_TASK OBJECTIVE_
In the data below, the answer is the run of lines from the line containing "2014 Explorer FWD" through the line containing "Ручка дверная задняя", both included; print it exactly and nothing else.

_INPUT_
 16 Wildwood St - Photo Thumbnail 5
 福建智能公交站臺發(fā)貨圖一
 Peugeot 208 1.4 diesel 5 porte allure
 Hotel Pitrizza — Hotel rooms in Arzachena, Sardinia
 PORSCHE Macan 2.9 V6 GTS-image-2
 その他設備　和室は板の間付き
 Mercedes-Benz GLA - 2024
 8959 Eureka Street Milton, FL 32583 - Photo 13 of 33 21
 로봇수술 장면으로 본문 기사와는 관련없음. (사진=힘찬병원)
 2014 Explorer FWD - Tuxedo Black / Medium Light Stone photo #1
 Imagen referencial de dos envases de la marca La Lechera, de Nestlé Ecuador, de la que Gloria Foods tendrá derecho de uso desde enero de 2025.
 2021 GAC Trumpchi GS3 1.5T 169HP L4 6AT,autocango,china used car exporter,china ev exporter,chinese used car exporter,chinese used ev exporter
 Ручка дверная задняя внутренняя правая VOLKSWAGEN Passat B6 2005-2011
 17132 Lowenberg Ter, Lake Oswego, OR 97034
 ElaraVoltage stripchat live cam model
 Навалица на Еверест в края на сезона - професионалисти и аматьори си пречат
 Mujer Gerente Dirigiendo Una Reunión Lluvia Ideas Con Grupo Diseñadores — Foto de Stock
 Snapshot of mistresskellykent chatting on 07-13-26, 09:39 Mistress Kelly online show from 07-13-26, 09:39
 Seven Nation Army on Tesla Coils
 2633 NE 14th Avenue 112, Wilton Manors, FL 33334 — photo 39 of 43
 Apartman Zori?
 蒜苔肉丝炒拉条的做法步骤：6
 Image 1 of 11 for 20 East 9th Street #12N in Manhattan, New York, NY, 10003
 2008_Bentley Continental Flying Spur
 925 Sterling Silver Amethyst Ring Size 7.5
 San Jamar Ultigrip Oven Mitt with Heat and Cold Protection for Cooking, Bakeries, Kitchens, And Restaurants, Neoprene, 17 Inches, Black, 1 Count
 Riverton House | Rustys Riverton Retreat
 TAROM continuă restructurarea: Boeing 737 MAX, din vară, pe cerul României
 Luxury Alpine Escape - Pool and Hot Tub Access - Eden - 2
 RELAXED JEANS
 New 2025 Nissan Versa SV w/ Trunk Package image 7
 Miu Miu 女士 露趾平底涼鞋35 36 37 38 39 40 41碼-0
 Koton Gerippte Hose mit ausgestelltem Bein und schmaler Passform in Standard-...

_YOUR RESPONSE_
 2014 Explorer FWD - Tuxedo Black / Medium Light Stone photo #1
 Imagen referencial de dos envases de la marca La Lechera, de Nestlé Ecuador, de la que Gloria Foods tendrá derecho de uso desde enero de 2025.
 2021 GAC Trumpchi GS3 1.5T 169HP L4 6AT,autocango,china used car exporter,china ev exporter,chinese used car exporter,chinese used ev exporter
 Ручка дверная задняя внутренняя правая VOLKSWAGEN Passat B6 2005-2011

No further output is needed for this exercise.